ASSIGNED TASK
Each record is to be copied exactly, with its pictures left behind.

[Saved entries]
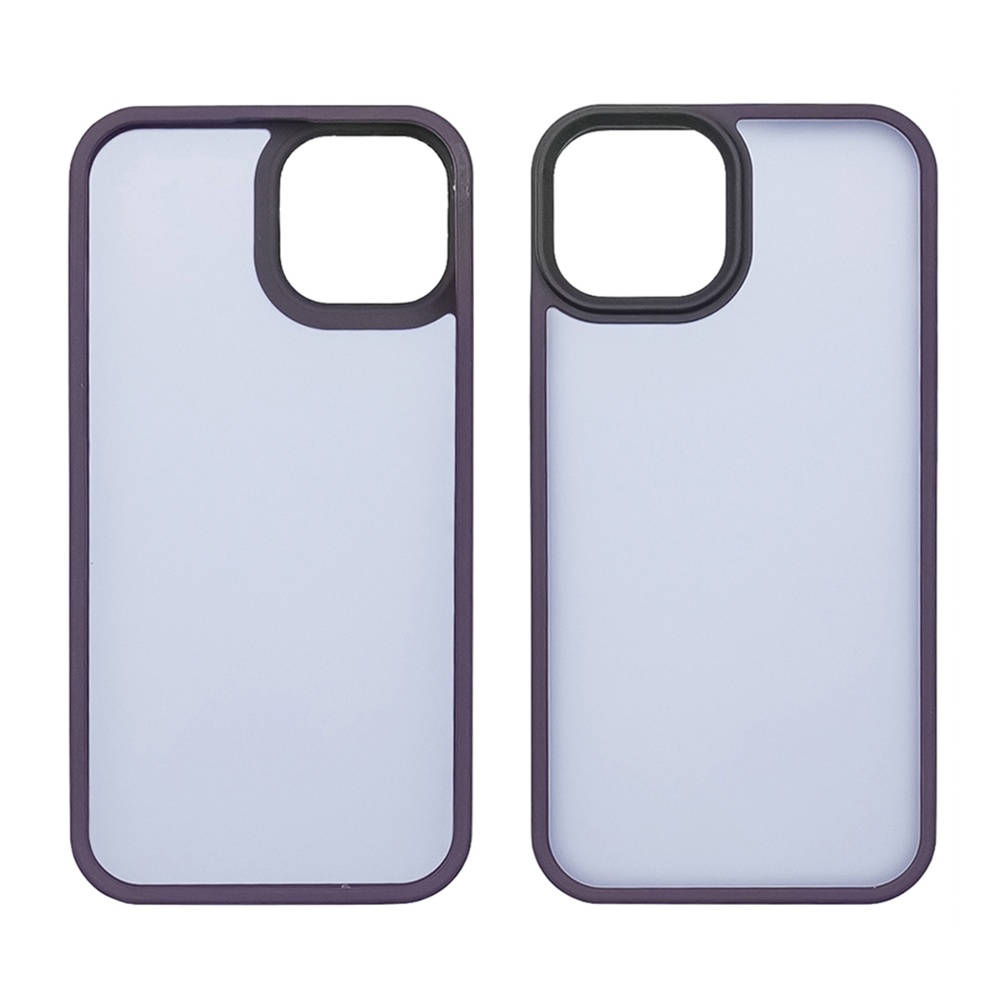 Чохол Colorful Matte Case для Apple iPhone 15 Plus темно-фіолетовий Люкс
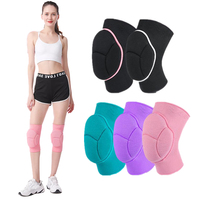 Genouillères de pole dance avec rembourrage épais en éponge, écologiques, respirantes, avec grip en gel et protection en silicone adhésif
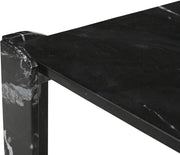 Ravello Genuine Marble Coffee Table in Black - 77007Black-CT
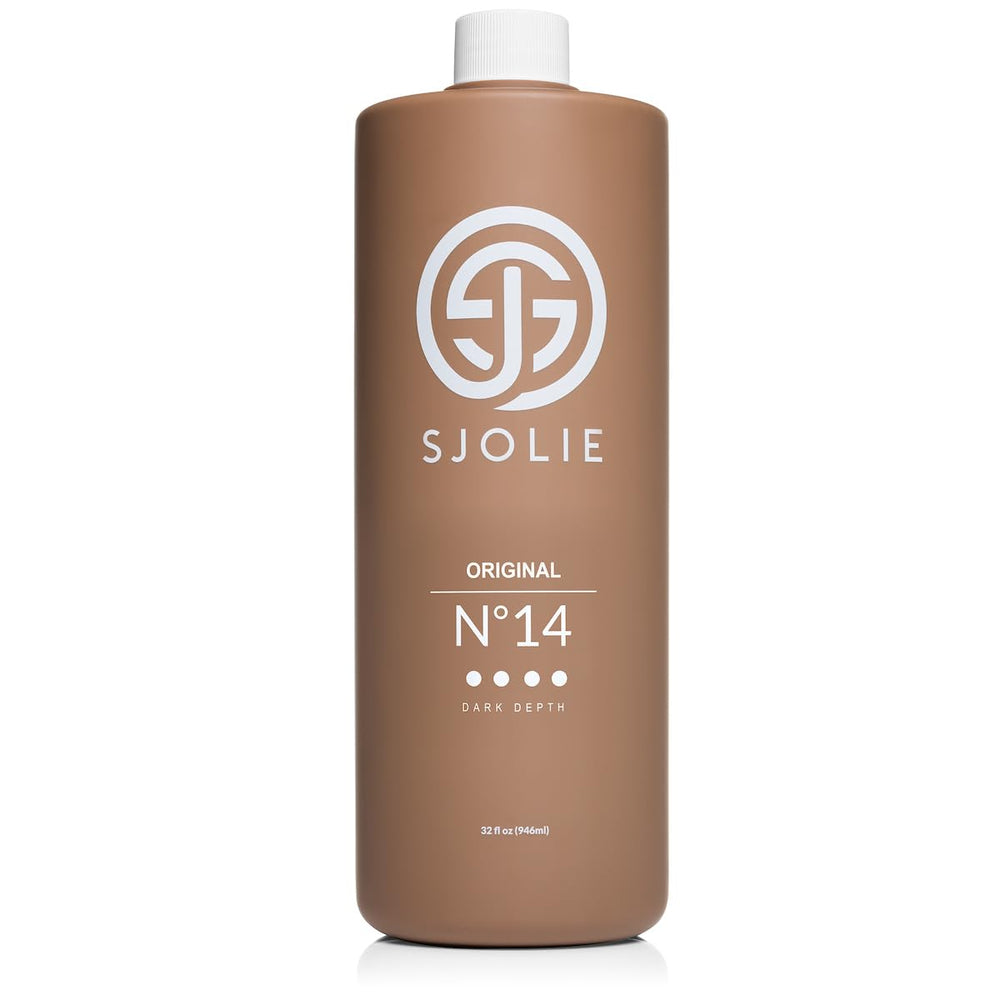 Flacon SJOLIE Spray Tan No14, volume 32onces, prêt à l’emploi pour une application homogène.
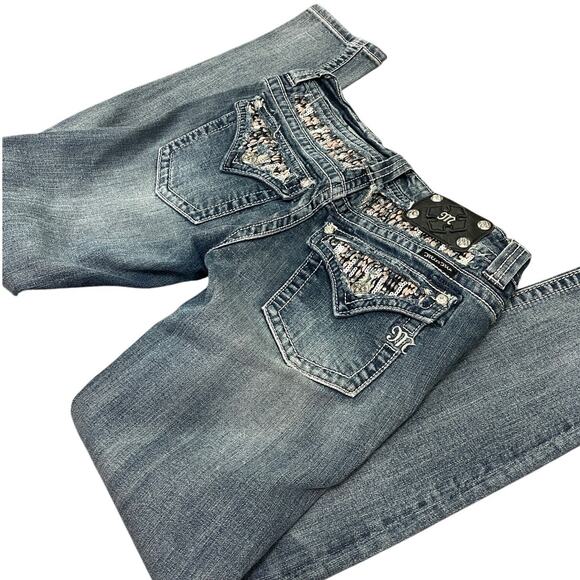 Miss Me Skinny Jeans โ Style JP6095S, VTG 69 (Size 28) - Picture 1 of 7
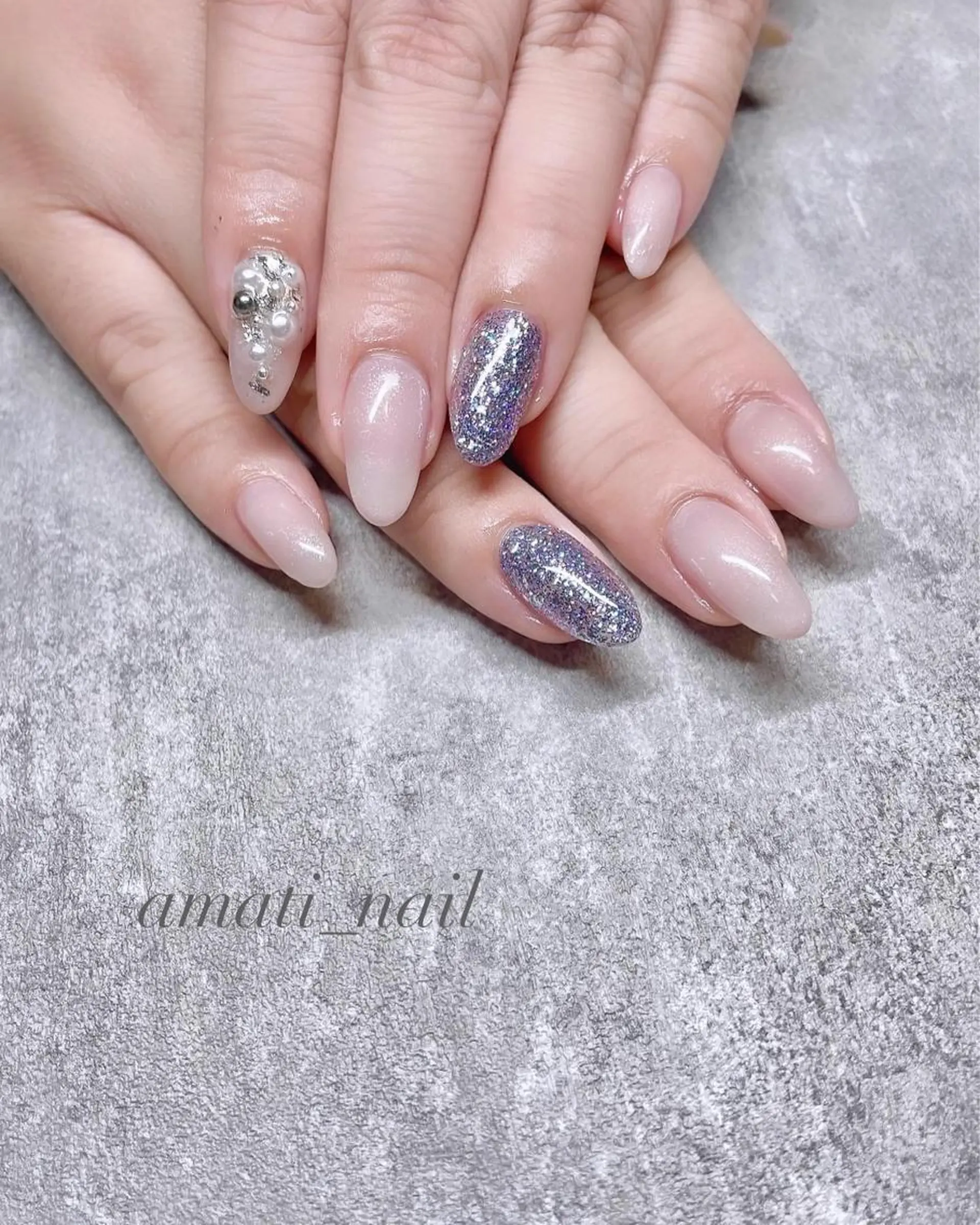 ネイル アニマル柄 マグネットネイル ミラーネイル ニュアンスネイル ワンカラーネイル ハンドネイル amati_nail TAKAKOのネイルデザイン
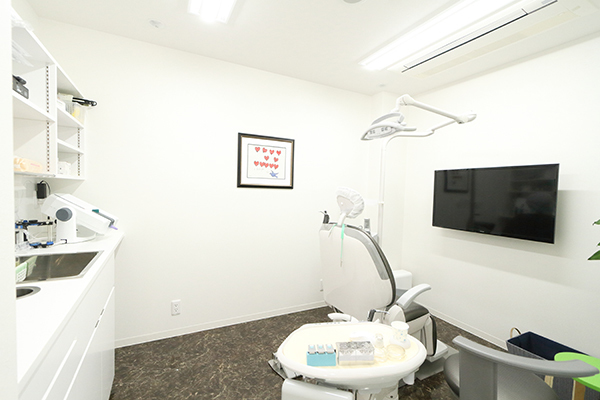 はせがわ歯科医院 東大阪市 個室もあり、プライバシーも確保されている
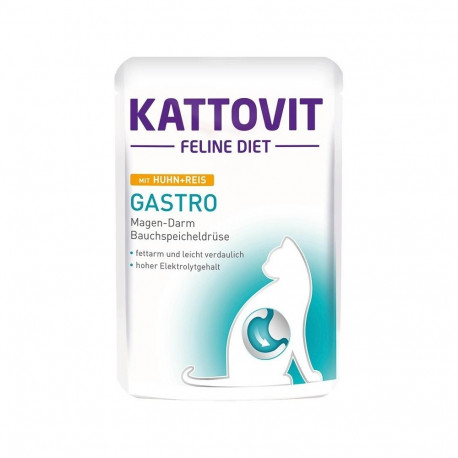 Wet Cat Food - KATTOVIT Feline Diet Gastro Wet Food 12 x 85g Poultry Flavor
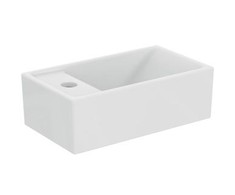 Ideal Standard TEMPO Rankų plovimo praustuvas 37 cm, čiaupo anga kairėje pusėje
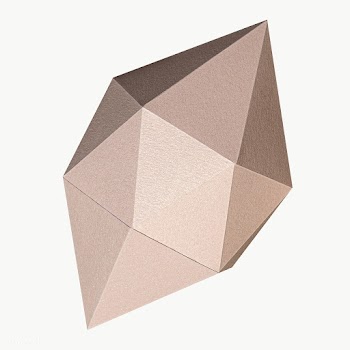3D pink octahedral polyhedron shaped paper craft design element | Free  transparent png - 2339287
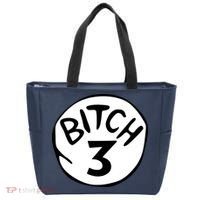 Bitch 3 Funny Halloween Drunk Girl Bachelorette Party Bitch Tote Bag thumb 0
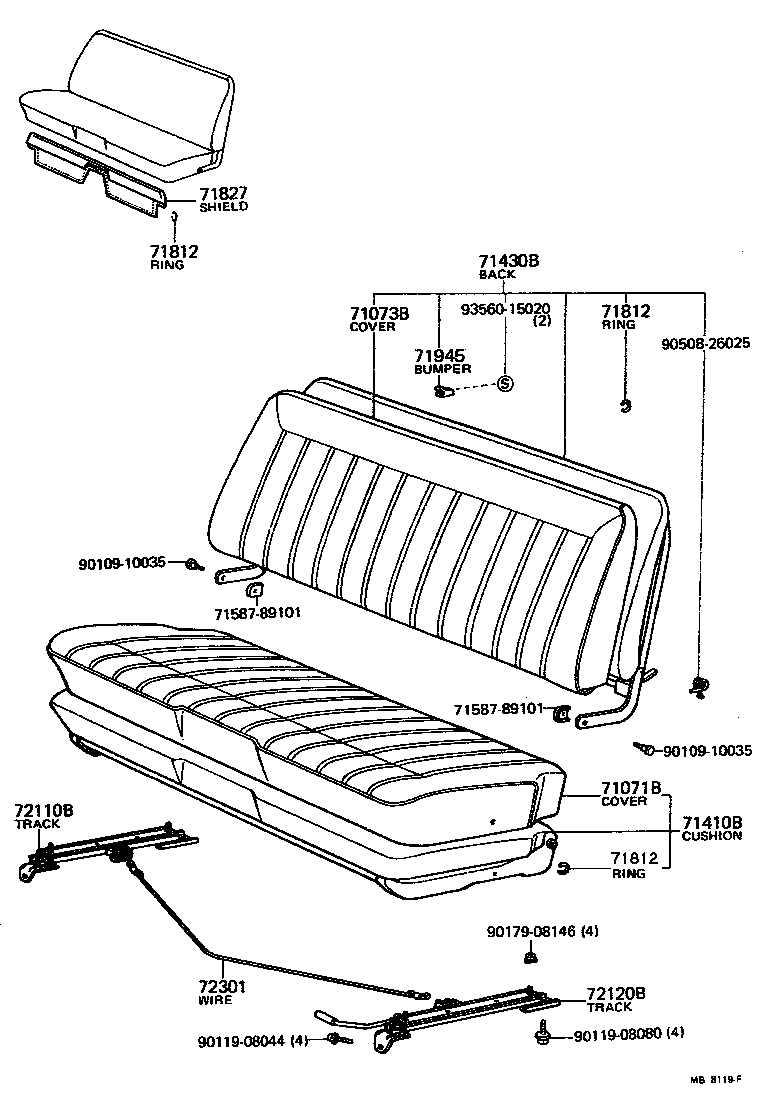  PICKUP |  SEAT SEAT TRACK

SOLUTION
 Чохол Colorful Matte Case для Apple iPhone 15 Plus темно-фіолетовий Люкс
 Genouillères de pole dance avec rembourrage épais en éponge, écologiques, respirantes, avec grip en gel et protection en silicone adhésif
 Ravello Genuine Marble Coffee Table in Black - 77007Black-CT
 Flacon SJOLIE Spray Tan No14, volume 32onces, prêt à l’emploi pour une application homogène.
 Miss Me Skinny Jeans โ Style JP6095S, VTG 69 (Size 28) - Picture 1 of 7
 ネイル アニマル柄 マグネットネイル ミラーネイル ニュアンスネイル ワンカラーネイル ハンドネイル amati_nail TAKAKOのネイルデザイン
 はせがわ歯科医院 東大阪市 個室もあり、プライバシーも確保されている
 Wet Cat Food - KATTOVIT Feline Diet Gastro Wet Food 12 x 85g Poultry Flavor
 Ideal Standard TEMPO Rankų plovimo praustuvas 37 cm, čiaupo anga kairėje pusėje
3D pink octahedral polyhedron shaped paper craft design element | Free  transparent png - 2339287
 Bitch 3 Funny Halloween Drunk Girl Bachelorette Party Bitch Tote Bag thumb 0
  PICKUP |  SEAT SEAT TRACK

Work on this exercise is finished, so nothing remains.